The future of journalism
Description
For me, the most exciting problems design can grapple with are large, muddy, and important. This might sound strange from someone who spent 7 years in a dusty workshop, getting lost in the details of designing and building furniture. Over my time at AHO I have tried to explore how bridging disciplines and collapsing scales can help us to address wicked problems; how strategic, and yet small-scale and aesthetic, interventions can fuel change. Journalism is at the heart of several wicked problems. It is a critical part of a democratic society, and yet all of our interactions with it are personal and mediated through objects of one kind or another.
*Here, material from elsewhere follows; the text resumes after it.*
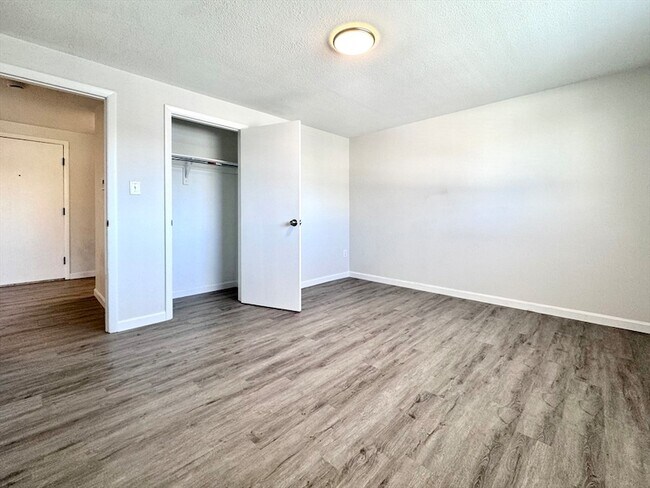 Building Photo - 50-58 Walnut Street Unit 11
It is at the same time both systemic and personal, macro and micro. At a public lecture at AHO this spring, Cameron Tonkinwise said “There are ways that objects enable transitions.” (Tonkinwise, 2018) I hope that the results of this project, in some small way, have done just that, and have illustrated the value of working with an unabashedly multidisciplinary approach. All photographs, illustrations and graphics by the author, unless otherwise noted. This document has been formatted for printing on newsprint, meaning that some colours may appear duller than intended. a note on language Throughout the course of this project I have struggled with how to describe the people who will ultimately be using future products and services. Users is a commonly-used word in both UX and service design processes, but doesn’t adequately reflect the relationship people have to news media and journalism. At the same time, reader, listener, and viewer are commonly used in media environments, but are tied to specific types of media, and, like user and consumer, fail to address an emerging two way relationship between the producers and consumers of content (content: another problematic term). The word prosumer has emerged as an attempt to represent a dual-natured user, but has not been widely adopted outside of DIY and maker spaces. While it might not seem so important, our language shapes how we as designers imagine and engage with people. This is all just to say that we will need to explore new terms to represent new and complex relationships between actors, across different types of media. For now, though, I’ll try to stick with user and reader, even if they fall short, and people aren’t actually reading anything.